D2193695
Safeguarding Eastern Europe’s Economy
04 May 2009
Craig Mellow
The EBRD wants to safeguard economic progress in Central and Eastern
Europe.
Until recently, the European Bank for Reconstruction and Development
seemed in danger of obsolescence. Founded in 1991 to blaze a trail for
private investment in the formerly Communist countries of Eastern Europe
and Central Asia, the multilateral development bank nearly succeeded in
driving itself out of business. Private foreign investment flooded into
the bank’s 30-nation theater of operations. Economic activity
took off, with growth averaging more than 6 percent annually from 2004
to 2007. Like Greece and Spain before them, countries such as Estonia,
Hungary and Poland appeared destined to catch up to Western European
living standards while the former Soviet republics further east made
great strides of their own.
Now that progress stands imperiled. The region’s economic
revival came shuddering to a halt after the worldwide credit crisis
intensified last year. Severe recessions in Western economies and a
decline in global trade have caused output to drop across much of the
region, while financial market turmoil has sparked an outflow of capital
and undermined many countries’ currencies. Governments have
fallen in the Czech Republic, Estonia, Hungary and Latvia. Western
European banks, which control 80 percent of the region’s
banking, could face pressure to cut back in the East and focus on their
domestic economies after receiving hundreds of billions of euros in
government bailouts and debt guarantees. Two decades after the fall of
Communism, a new wall threatens to rise and erode years of hard-won
economic progress in Central and Eastern Europe.
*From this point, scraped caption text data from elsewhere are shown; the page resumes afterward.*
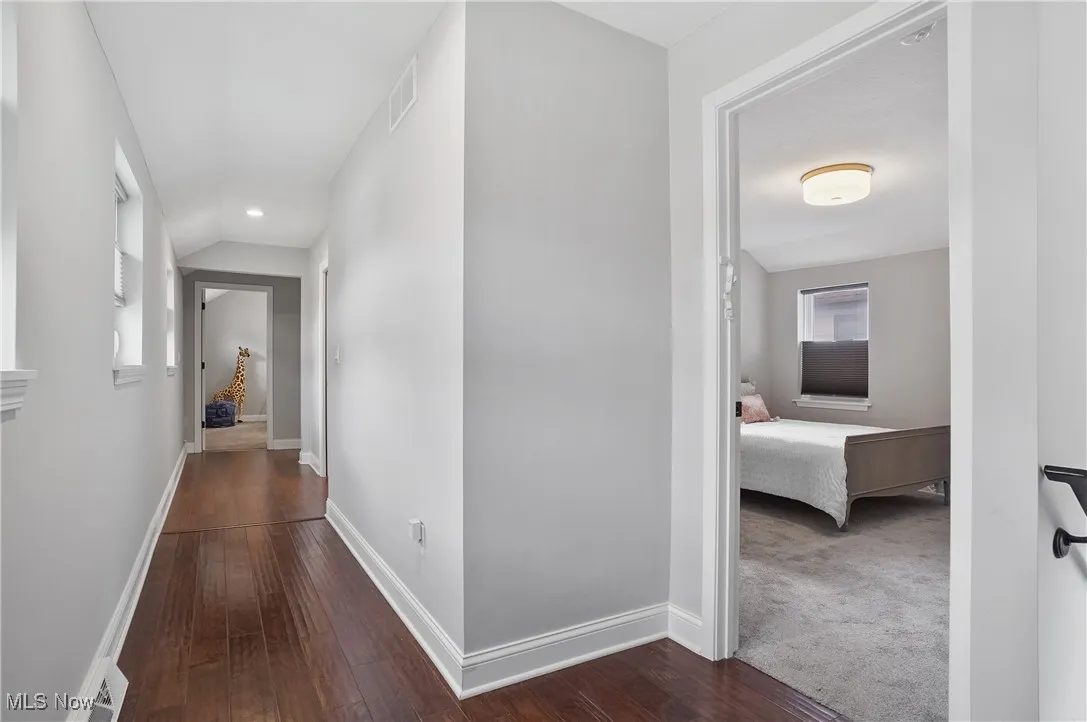 Hallway with dark wood-style floors, recessed lighting, and vaulted ceiling
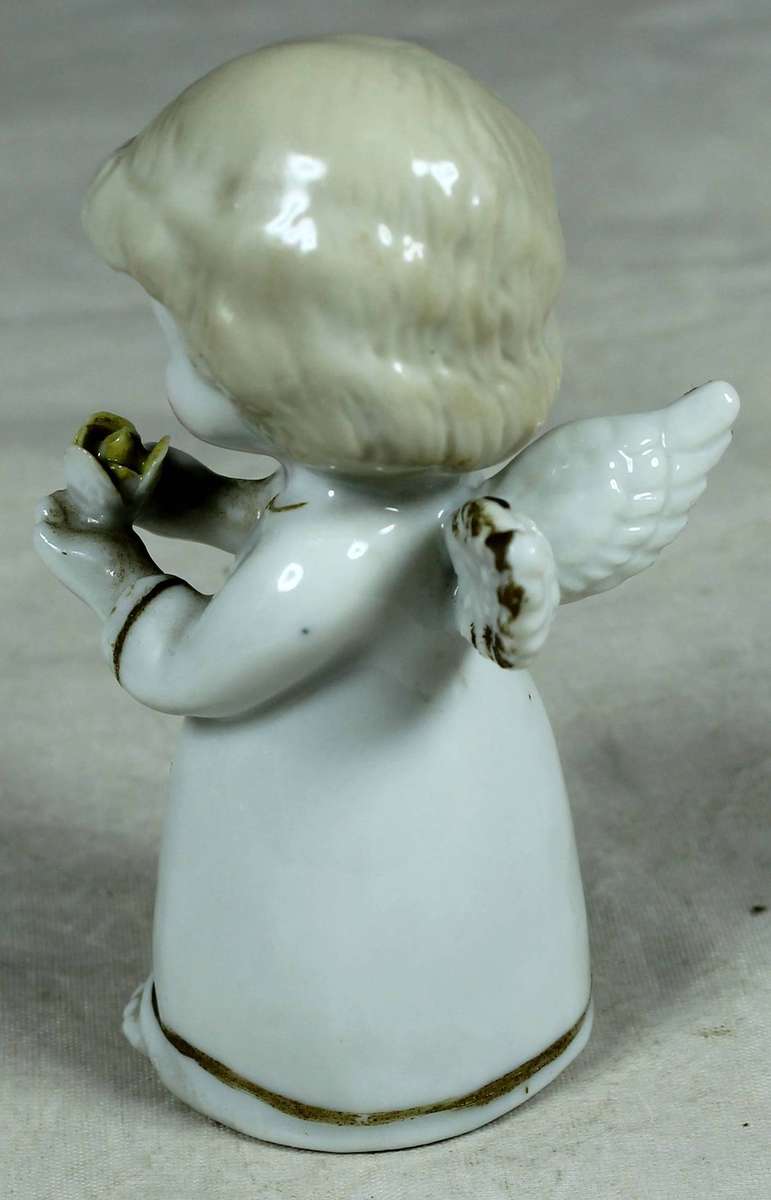 Ceramic figurine - Baby angel holding a flower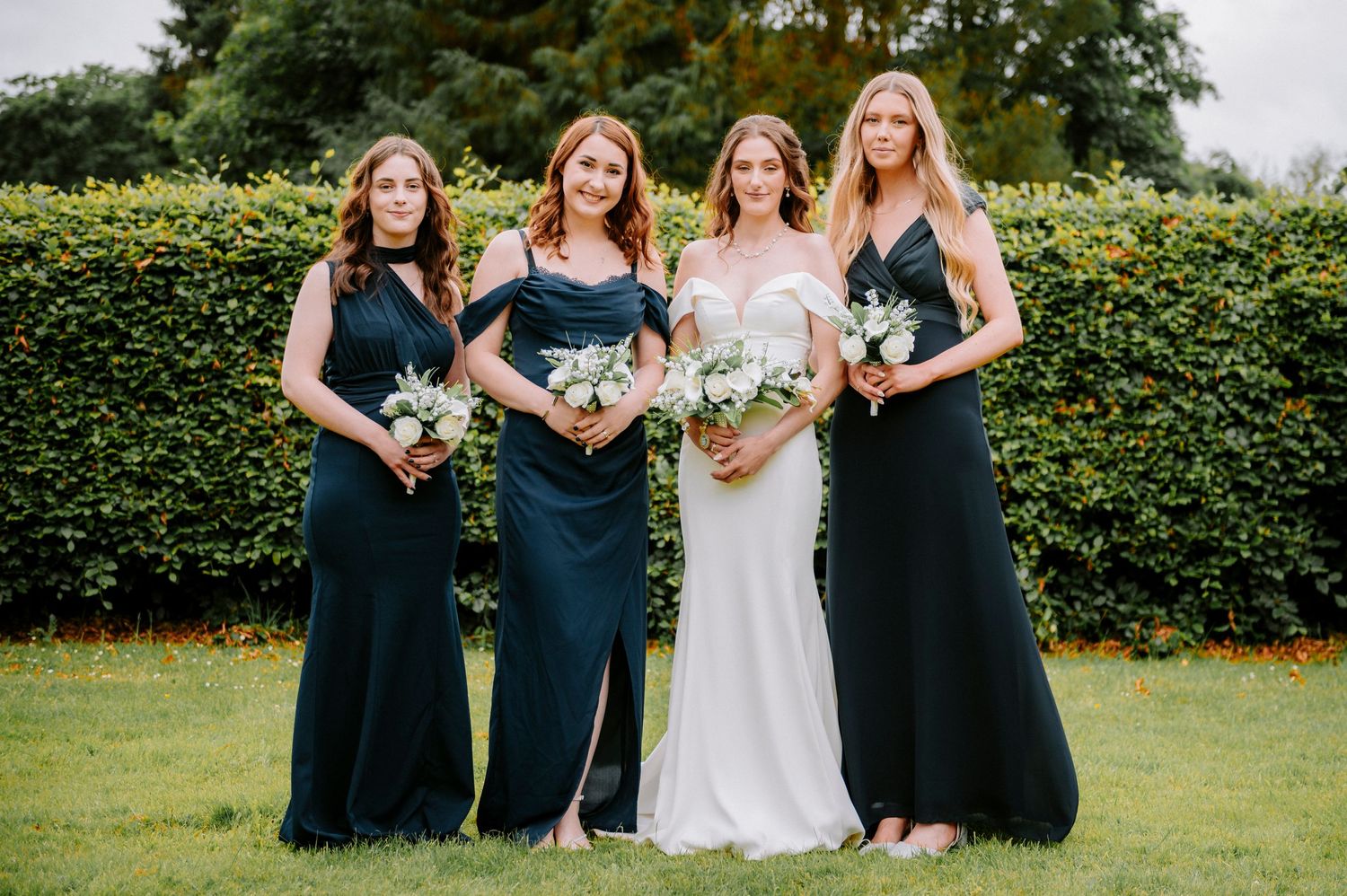 Bridal party in navy dresses poses outdoors against a backdrop of hedges.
Suddenly, the EBRD finds itself with a renewed sense of purpose. The
bank is stepping up its lending and devoting more of its resources to
combating the crisis in new European Union members like the Baltic
states and Hungary, areas from which it had largely withdrawn in recent
years. Just as important, considering the bank’s relatively
modest budget, the EBRD is acting as a catalyst for wider efforts
involving the EU and other multilateral lenders like the International
Monetary Fund, which has already extended multibillion-dollar assistance
programs to Hungary, Latvia, Romania, Serbia and Ukraine.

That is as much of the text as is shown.